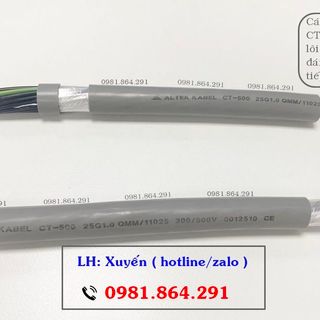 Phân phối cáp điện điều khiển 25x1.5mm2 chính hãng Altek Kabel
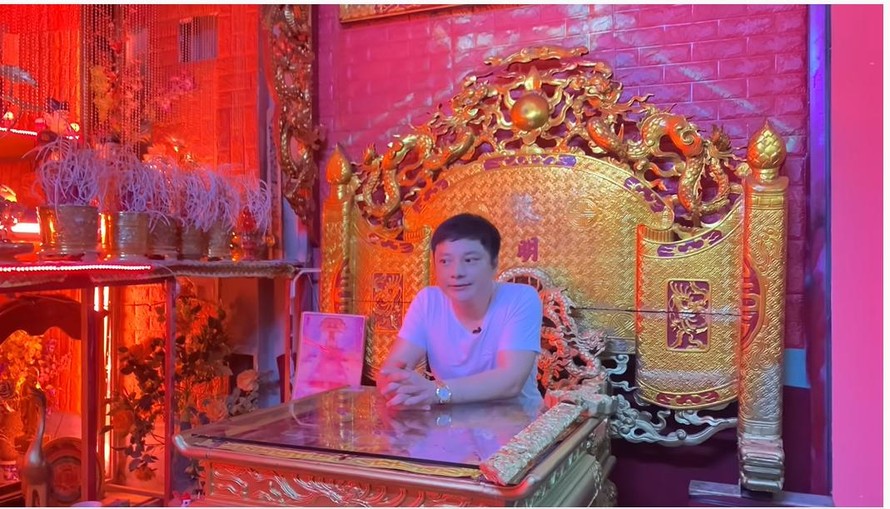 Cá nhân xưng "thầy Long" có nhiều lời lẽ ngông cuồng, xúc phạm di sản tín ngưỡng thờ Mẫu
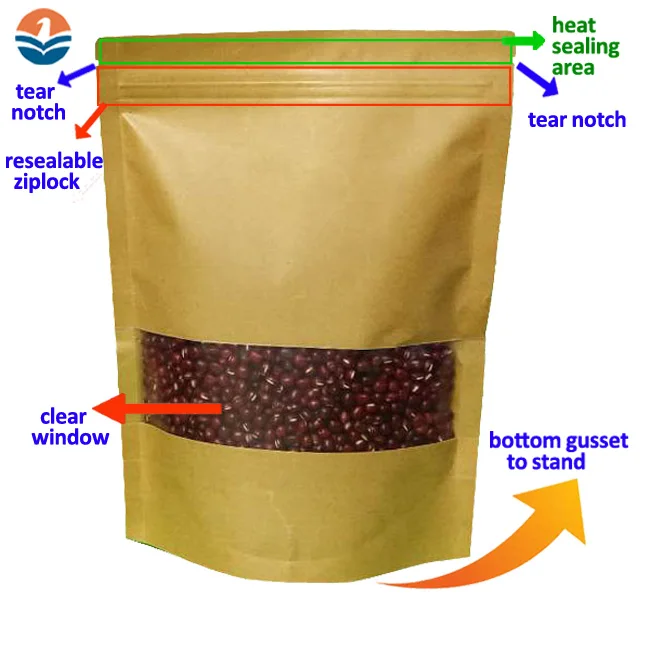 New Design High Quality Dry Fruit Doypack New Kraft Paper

[EXERCISE GOAL]: Because the copy must hold no pictures, return only the lines that run from the line containing "Cá nhân xưng" to the end of the data above, each exactly as it stands.

[RESULT OF THE EXERCISE]:
 Cá nhân xưng "thầy Long" có nhiều lời lẽ ngông cuồng, xúc phạm di sản tín ngưỡng thờ Mẫu
 New Design High Quality Dry Fruit Doypack New Kraft Paper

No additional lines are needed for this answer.